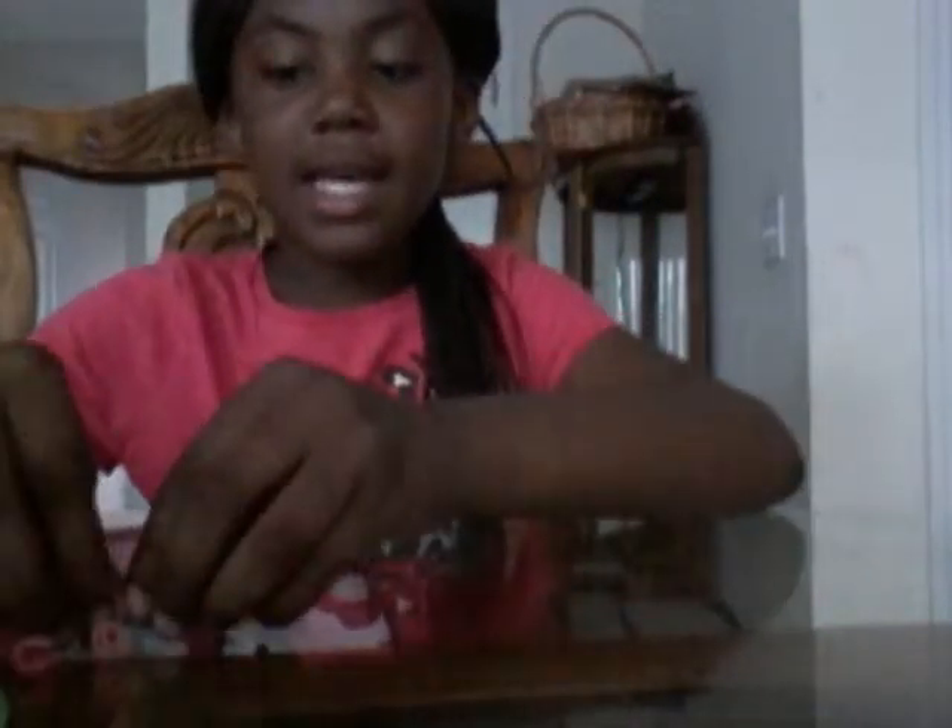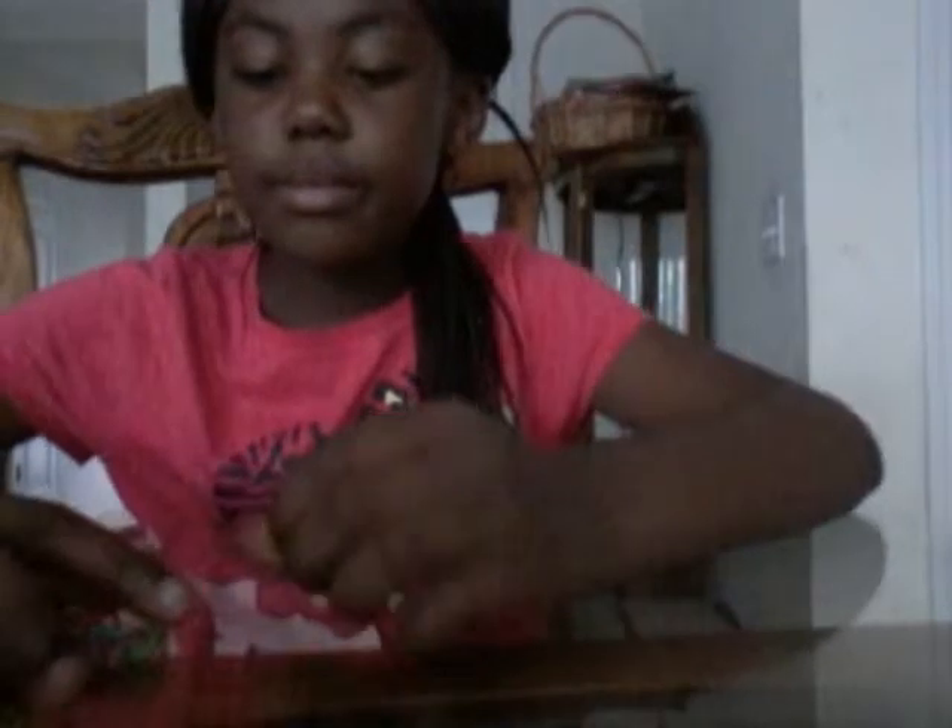Hi guys, my name is Carrie and I'm going to show you how to make rubber band bracelets. So first, I got this little clip and I'm going to show you it. And now we have some rubber bands.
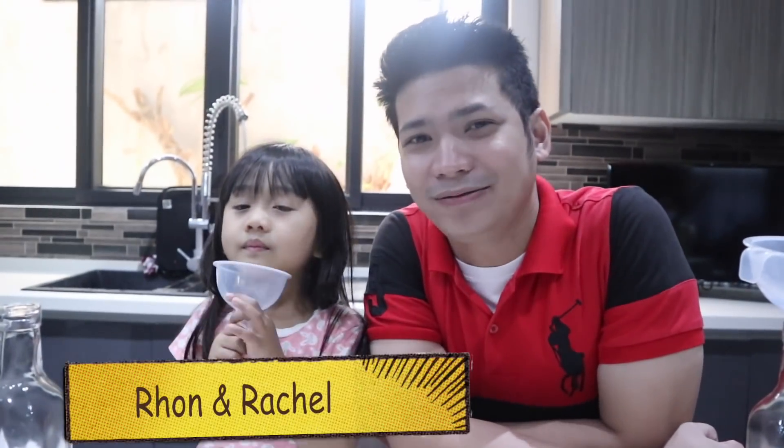Hello guys. Hello. I'm Rome. I'm Rachel. Today we're gonna make a science experiment. Can I join? Yes, you can join.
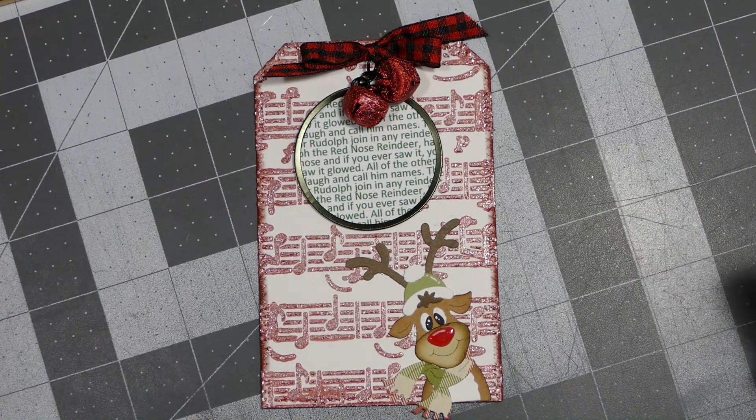Hey everybody, this is Sheri with CPR — Craft, Pray, Repeat — and I just wanted to share some of my Christmas tags with you.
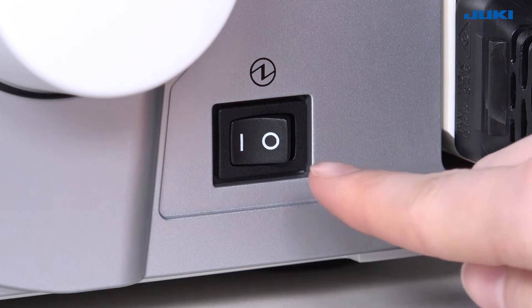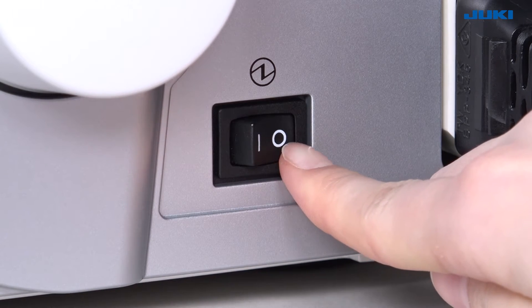Turn the power switch off and unplug the power cord from the electrical outlet before cleaning.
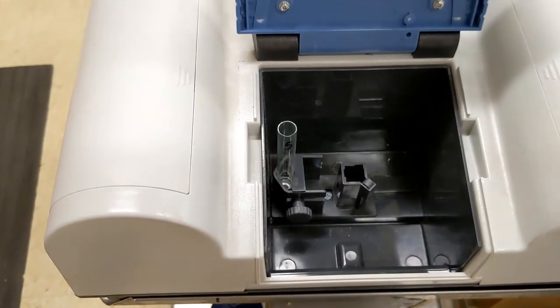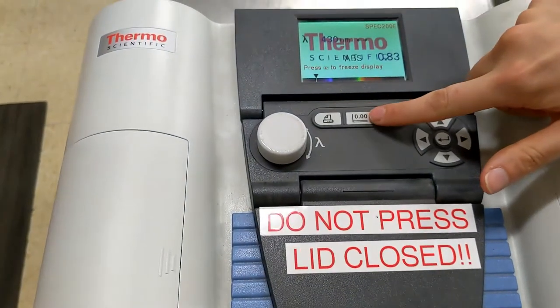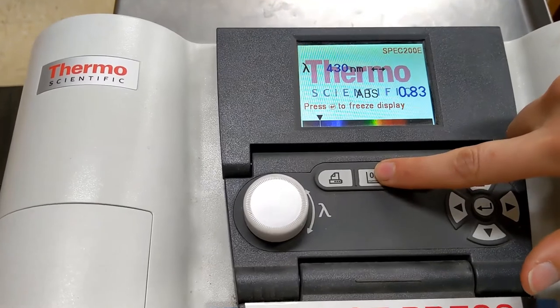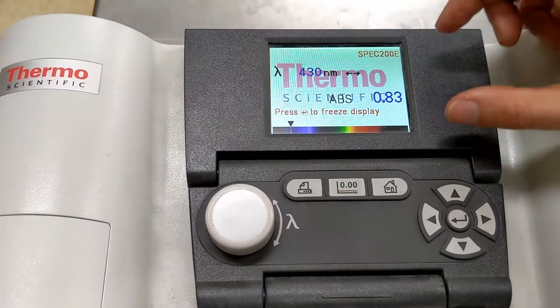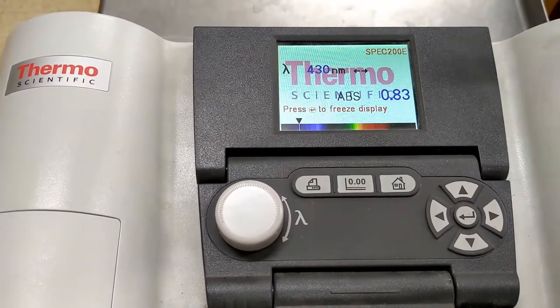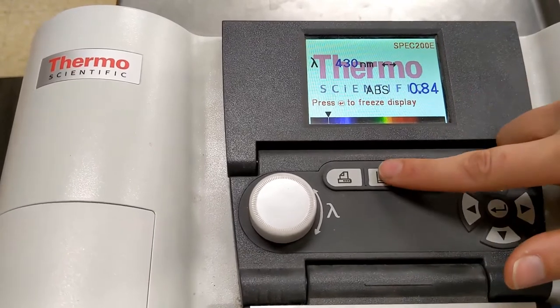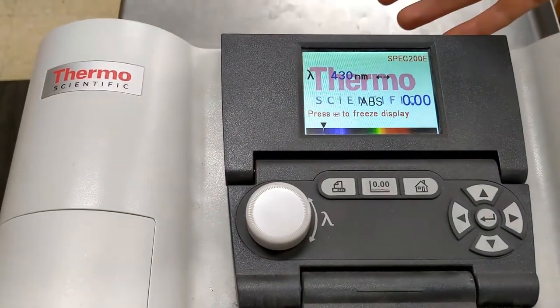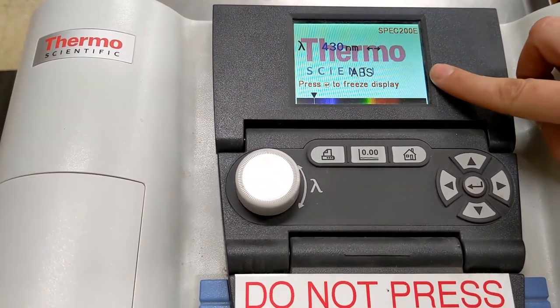I now have my solution in there. I close the lid and hit the blank button. Notice that there is a number given just from that blank — this is the value we are removing from the equation by blanking. Now we have our zero for the blank.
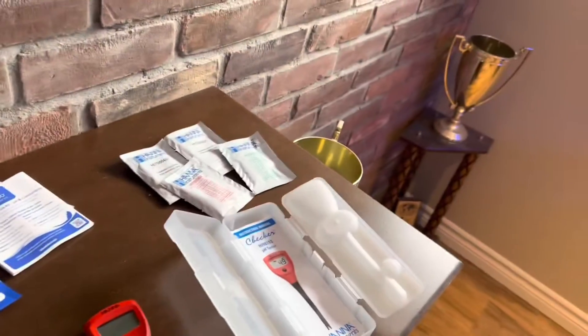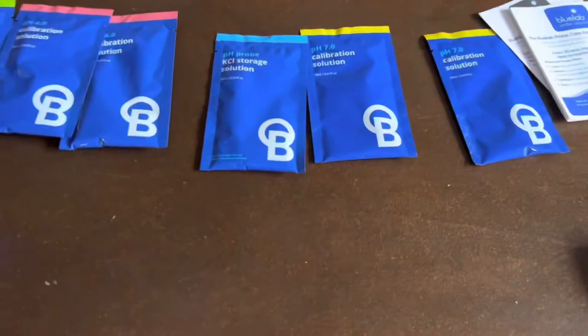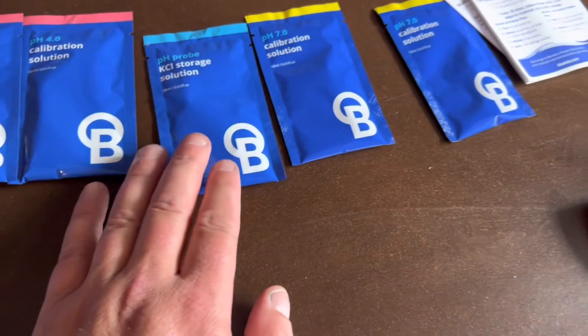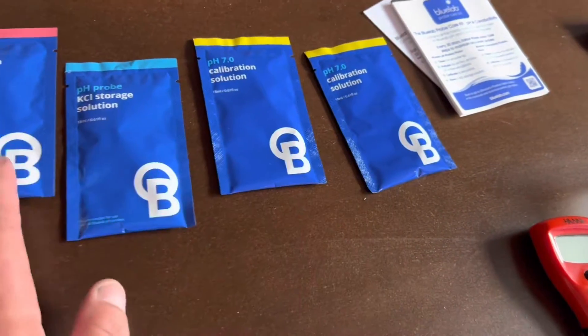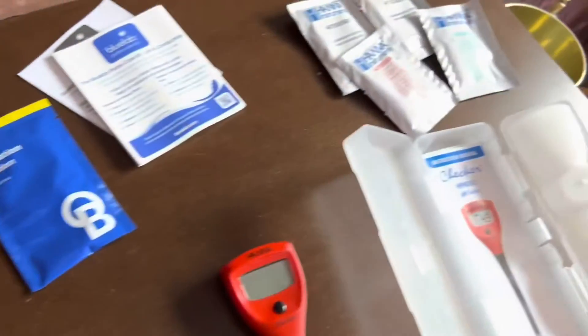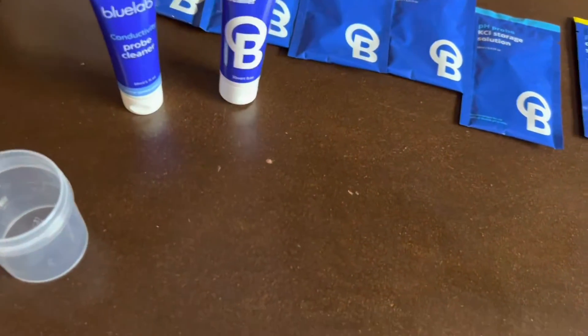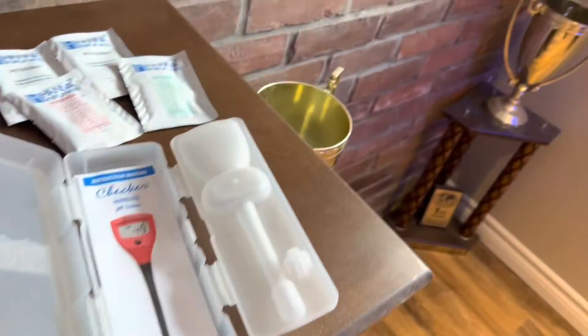What's good about this Blue Lab kit is you get storage solution — which is potassium chloride — you get two of them, I've already used one. You get some calibration solution again at pH 4 and 7, so when we run out of the Hannah ones we've got these. And then we also have probe cleaner — two bottles of probe cleaner and a little brush, all that kind of stuff.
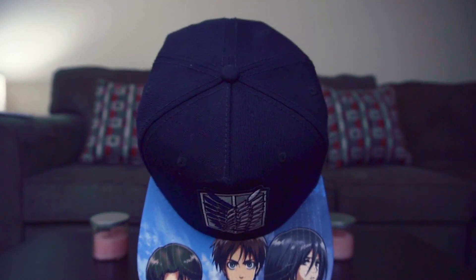Hey guys, how's it going? Check out this hat though. I'm obsessed with this hat. I'm obsessed with Attack on Titan in general. However, that's absolutely not what this video is about. But seriously though, like this video and drop a comment below if you like my hat.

*Problem*: Above are the records; return the lines in them from the one with "Hello guys. Hello." to the one with "Hey everybody, this", inclusive, exactly and without images.

*Task solution*:
Hello guys. Hello. I'm Rome. I'm Rachel. Today we're gonna make a science experiment. Can I join? Yes, you can join.
Hey everybody, this is Sheri with CPR — Craft, Pray, Repeat — and I just wanted to share some of my Christmas tags with you.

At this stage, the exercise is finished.